# [YOUR TASK]
Begin with the line that has "BC Pause-275 Black Patent". Give it and every line after it again, exactly, through the end of the entries below.

# [DATA EXCERPTS]
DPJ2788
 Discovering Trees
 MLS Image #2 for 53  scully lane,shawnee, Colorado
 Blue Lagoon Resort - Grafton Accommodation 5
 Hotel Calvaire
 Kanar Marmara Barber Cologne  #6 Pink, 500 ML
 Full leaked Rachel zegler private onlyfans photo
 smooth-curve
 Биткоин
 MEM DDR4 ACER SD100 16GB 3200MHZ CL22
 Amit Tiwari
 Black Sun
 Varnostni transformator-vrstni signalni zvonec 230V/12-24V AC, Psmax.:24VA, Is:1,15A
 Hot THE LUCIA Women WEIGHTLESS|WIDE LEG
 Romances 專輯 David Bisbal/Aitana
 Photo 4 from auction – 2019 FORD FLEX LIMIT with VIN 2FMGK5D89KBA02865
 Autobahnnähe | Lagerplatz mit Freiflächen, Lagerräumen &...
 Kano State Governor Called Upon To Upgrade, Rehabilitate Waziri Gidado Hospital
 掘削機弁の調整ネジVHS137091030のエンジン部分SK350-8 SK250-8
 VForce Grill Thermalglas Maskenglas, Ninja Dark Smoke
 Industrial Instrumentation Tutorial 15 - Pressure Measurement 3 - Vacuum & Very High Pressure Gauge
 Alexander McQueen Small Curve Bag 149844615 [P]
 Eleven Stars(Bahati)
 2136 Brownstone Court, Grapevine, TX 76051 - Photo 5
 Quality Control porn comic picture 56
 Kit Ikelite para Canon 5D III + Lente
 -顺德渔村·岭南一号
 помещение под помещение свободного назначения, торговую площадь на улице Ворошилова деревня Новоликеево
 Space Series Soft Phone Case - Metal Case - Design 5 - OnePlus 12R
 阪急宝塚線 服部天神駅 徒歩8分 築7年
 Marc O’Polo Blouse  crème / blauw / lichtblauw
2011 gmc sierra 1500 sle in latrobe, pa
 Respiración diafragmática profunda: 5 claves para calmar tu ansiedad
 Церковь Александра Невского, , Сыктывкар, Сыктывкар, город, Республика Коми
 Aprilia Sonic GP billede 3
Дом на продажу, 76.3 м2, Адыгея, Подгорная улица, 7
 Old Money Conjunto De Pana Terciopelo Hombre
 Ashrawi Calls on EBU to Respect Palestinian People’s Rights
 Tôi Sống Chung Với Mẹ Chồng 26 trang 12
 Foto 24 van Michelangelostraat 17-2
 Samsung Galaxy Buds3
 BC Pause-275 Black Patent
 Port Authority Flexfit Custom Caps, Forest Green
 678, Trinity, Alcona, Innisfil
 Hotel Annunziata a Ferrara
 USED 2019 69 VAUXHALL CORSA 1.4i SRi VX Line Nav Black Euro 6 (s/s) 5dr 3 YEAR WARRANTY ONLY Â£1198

# [RESPONSE TO THIS TASK]
 BC Pause-275 Black Patent
 Port Authority Flexfit Custom Caps, Forest Green
 678, Trinity, Alcona, Innisfil
 Hotel Annunziata a Ferrara
 USED 2019 69 VAUXHALL CORSA 1.4i SRi VX Line Nav Black Euro 6 (s/s) 5dr 3 YEAR WARRANTY ONLY Â£1198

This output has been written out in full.